Christian Jensen was born Christian Jensen Smedsrud on March 26, 1833. Prior to coming to America on the ship Dröbak, he lived Hadeland, Oppland, Norway. He was twenty eight in 1861 when he made his journey to America
Upon coming to America, his name was Anglicized to Christian Johnson. He met and married Kari Torstensen Rossum in the United States. She was born August 11, 1834 and passed away August 22, 1884 at the age of fifty. Together they had ten children; Tilda (Mrs. Olof Wahler- 1861-1942), John Campbell (1862-1940), Anna Maria (Mrs. Tom Thompson- 1865-1929), Emma Julia (Mrs. John Gralin, D.C.- 1867-1946), Clara Alvida (1869-1960), Olianna (1870-1889), Charles (1872-1913), Bertha Louisa (Mrs. Olaf I. Paulson- 1873-1955), Nellie (1874-1877), and Minnie (1876-1888). All the children were born on the family's farm, which was located a half mile north of Argyle, Wisconsin.
Christian Jensen was enlisted in the Union Army on February 15, 1865, with Company A of the 46th Regiment of the Wisconsin Infantry. He was thirty two at the time. He received an honorable discharge on September 27, 1865.
His main occupation was as a carpenter and cabinet maker. He also designed the Argyle Lutheran Church building. Christian Jensen died in Argyle, Wisconsin, on January 30, 1916, at the age of 83. He survived his wife by thirty-two years.
The Christian Jensen Papers are comprised of a journal Jensen kept during his journey from Christiania, Norway to the United States on the boat Dröbak. Also included are supplemental materials such as a short biography of Jensen and a list of his children with his wife Kari. All of these documents are photocopies of originals.

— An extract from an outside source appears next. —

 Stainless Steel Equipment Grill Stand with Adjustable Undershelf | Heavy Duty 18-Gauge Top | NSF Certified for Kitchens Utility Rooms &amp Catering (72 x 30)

Jensen's journal of his trip begins on April 20, 1861, the day that he boarded the Dröbak. The ship did not depart from the harbor at Christiania until two days later on April 22. The main entries in the journal include travel details such as the wind, storms, the direction of the ship, and landmarks. The births and deaths that occurred during the journey were also noted. Of the 14 total deaths which he reports being associated with the Dröbak, all but one of them occurred on the ship. Most of those that died were children, including all of the babies born on the ship along with many others. During the third week of the trip, the first mate of the ship also died. After arriving in Canada on July 3 and going through a period of quarantine which the journal also briefly describes, Jensen's journey continued by train from Quebec to Wisconsin. Along with the journal can be found a brief biography of Christian Jensen, as well as a detailed list of his travel expenses from Norway to where his sister Kjersti Larson lived in Mud Branch, Wisconsin.
Following the journal is a detailed list of the children who were born to Christian and Kari Jensen. This list names each of their ten children and, where applicable, also lists significant nicknames and married names. Also on this list are the years of birth and death for each child, and their age at the time of their death.
Also included are notes on the translation of the journal. The journal was translated from the Hadeland dialect of Norwegian by two of his grandchildren in 1971. This document goes on to describe the physical dimensions and appearance of the original journal.
The last item to be found in the collection is a photocopy of an old family photograph.